(Data extract Opens)

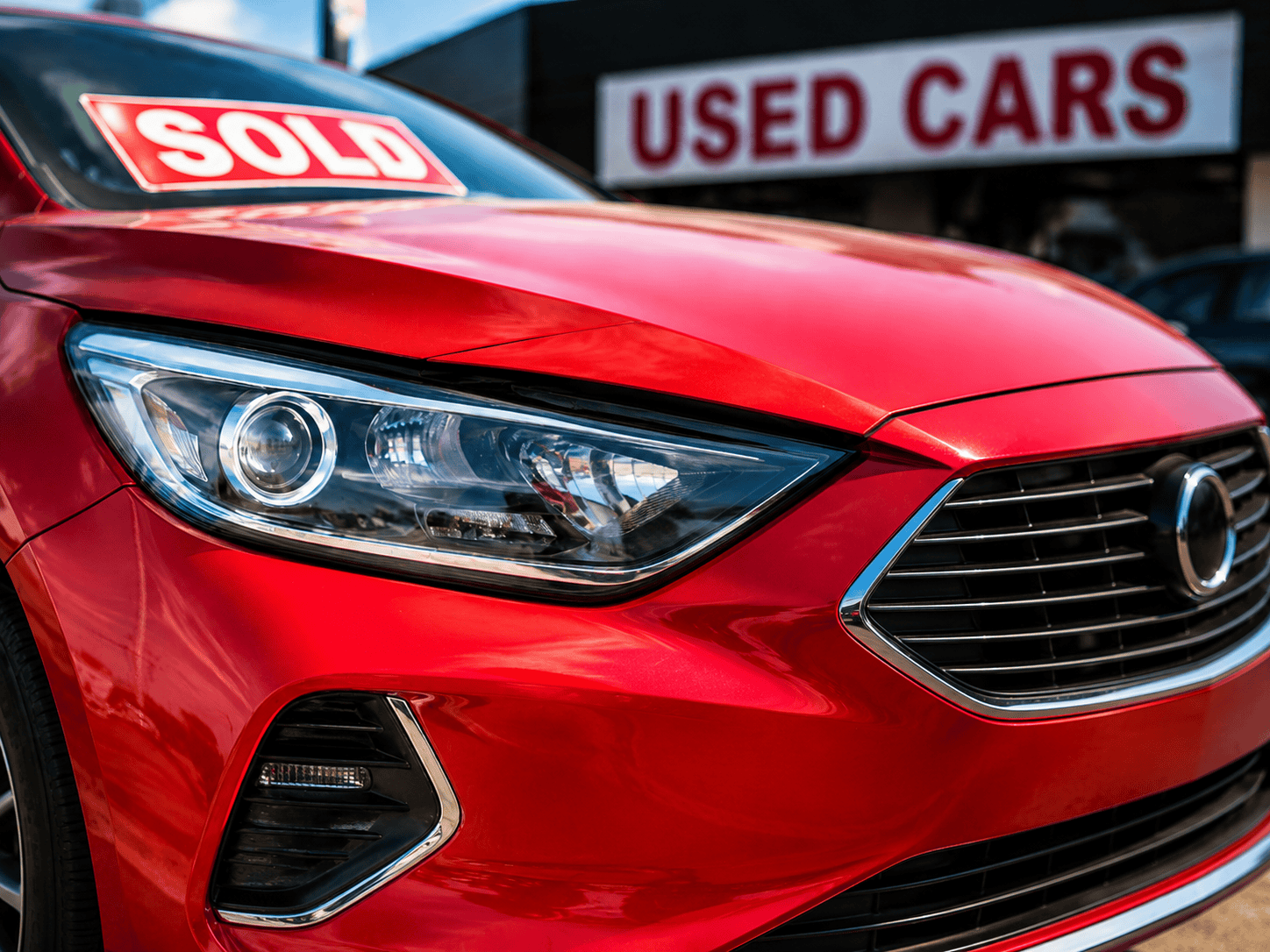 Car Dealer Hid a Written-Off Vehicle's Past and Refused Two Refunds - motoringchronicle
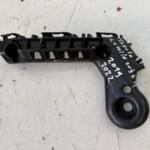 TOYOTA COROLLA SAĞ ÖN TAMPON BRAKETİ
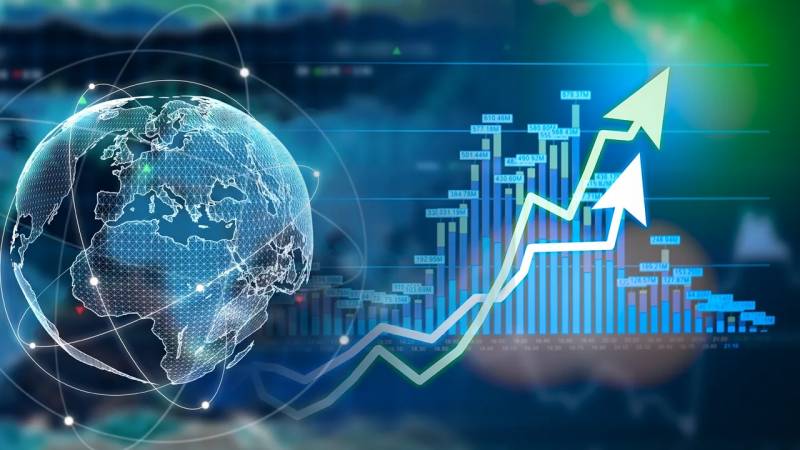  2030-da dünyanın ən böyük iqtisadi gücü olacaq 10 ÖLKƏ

(Data extract Closes)

Work required: Transcribe all data precisely. Pictures are not copied.

Response to the exercise:
 Car Dealer Hid a Written-Off Vehicle's Past and Refused Two Refunds - motoringchronicle
 TOYOTA COROLLA SAĞ ÖN TAMPON BRAKETİ
  2030-da dünyanın ən böyük iqtisadi gücü olacaq 10 ÖLKƏ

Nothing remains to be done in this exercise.